I have about 40 lippies or so I can find and my daughter has a beg. collection of about 10 or so but I won't include those but I do have access to them lol  Honeyflower Viva Glam VI Viva Glam V Kinda Sexy Hue Plink Hug me Honeylove  Pure Zen Viva Glam VI special ed.  Classical Blankety  Way to Love Freckletone  Utter Pervette  tangerine dream Politely Pink Hello Kitty Big Bow Lightly Ripe Smile Snob Viva Glam Gaga 2 Fanfare Her Fancy Twig Twig Pervette  2N Pretty Please  To Pamper Disney Villans Sinister Myth About town  Sandy B Candy Yum Yum  Festivity  Morange  Slimshine kissable  Slimshine Missy Slimshine pink d'lush  Slimshine Gentle simmer Rebel  Sail la vie salute Shanghai Spice


----------



## elinadesiree (Jun 3, 2015)

I have 13 and it stresses me.
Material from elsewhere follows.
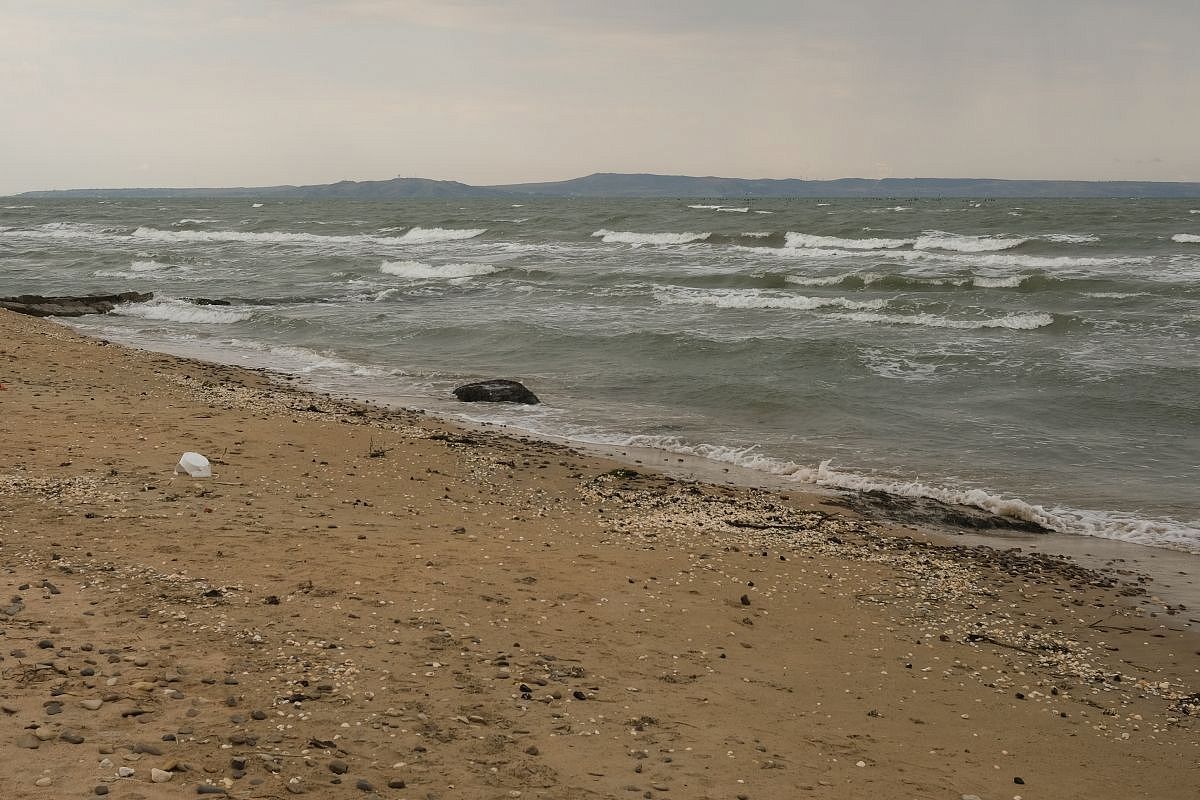 Промысловый вылов леща могут запретить в Азовском море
I want them to be worn and not sit in a drawer, but I find myself reaching for other brands most times. In order from first buy to most recent: Lovelorn, Patisserie, Cockney, Utter fun, Blow Dry, Russian Red, Lustering, Creme Cup, Please me, Made with love, Relentlessly Red, Lady Danger, Velvet Teddy.


----------



## Erica53094 (Jun 3, 2015)

elinadesiree said:


> I have 13 and it stresses me. I want them to be worn and not sit in a drawer, but I find myself reaching for other brands most times. In order from first buy to most recent: Lovelorn, Patisserie, Cockney, Utter fun, Blow Dry, Russian Red, Lustering, Creme Cup, Please me, Made with love, Relentlessly Red, Lady Danger, Velvet Teddy.
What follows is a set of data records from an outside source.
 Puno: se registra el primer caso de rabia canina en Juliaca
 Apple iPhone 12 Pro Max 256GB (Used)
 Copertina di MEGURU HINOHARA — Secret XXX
    Lol I'm horrible at putting together eyeshadow looks so I go with lipsticks. Or blush actually. Like you can never go wrong w a lipstick. I mix them together or wear alone. I sometimes watch movies and try on lipsticks so they never just sit and collect dust ha ha!


----------



## elinadesiree (Jun 6, 2015)

Erica53094 said:


> Lol I'm horrible at putting together eyeshadow looks so I go with lipsticks. Or blush actually. Like you can never go wrong w a lipstick. I mix them together or wear alone. I sometimes watch movies and try on lipsticks so they never just sit and collect dust ha ha!


  It's very relaxing to just play with colors isn't it?  Do you have any tips on how to get more wear out of the ones you don't reach for daily? I forced myself to use every lipstick out one day to remind myself of what I have. Maybe you should do the same with eyeshadows? I found old favourites but also I'm asking myself what I was thinking when I bought Creme Cup and Please me. They wash me out! Still I want to figure out a way to wear them.


----------



## DILLIGAF (Jun 6, 2015)

DILLIGAF said:


> Thanks to the 30 lipsticks in 30 Days Challenge I've actually gotten up the courage to take inventory of my MAC lipsticks
> 
> 
> Hug Me
> ...


  Udated! It's been a year since I've posted.The newer lippies are bolded. Not bad.


----------



## Erica53094 (Jun 6, 2015)

elinadesiree said:


> It's very relaxing to just play with colors isn't it?  Do you have any tips on how to get more wear out of the ones you don't reach for daily? I forced myself to use every lipstick out one day to remind myself of what I have. Maybe you should do the same with eyeshadows? I found old favourites but also I'm asking myself what I was thinking when I bought Creme Cup and Please me. They wash me out! Still I want to figure out a way to wear them.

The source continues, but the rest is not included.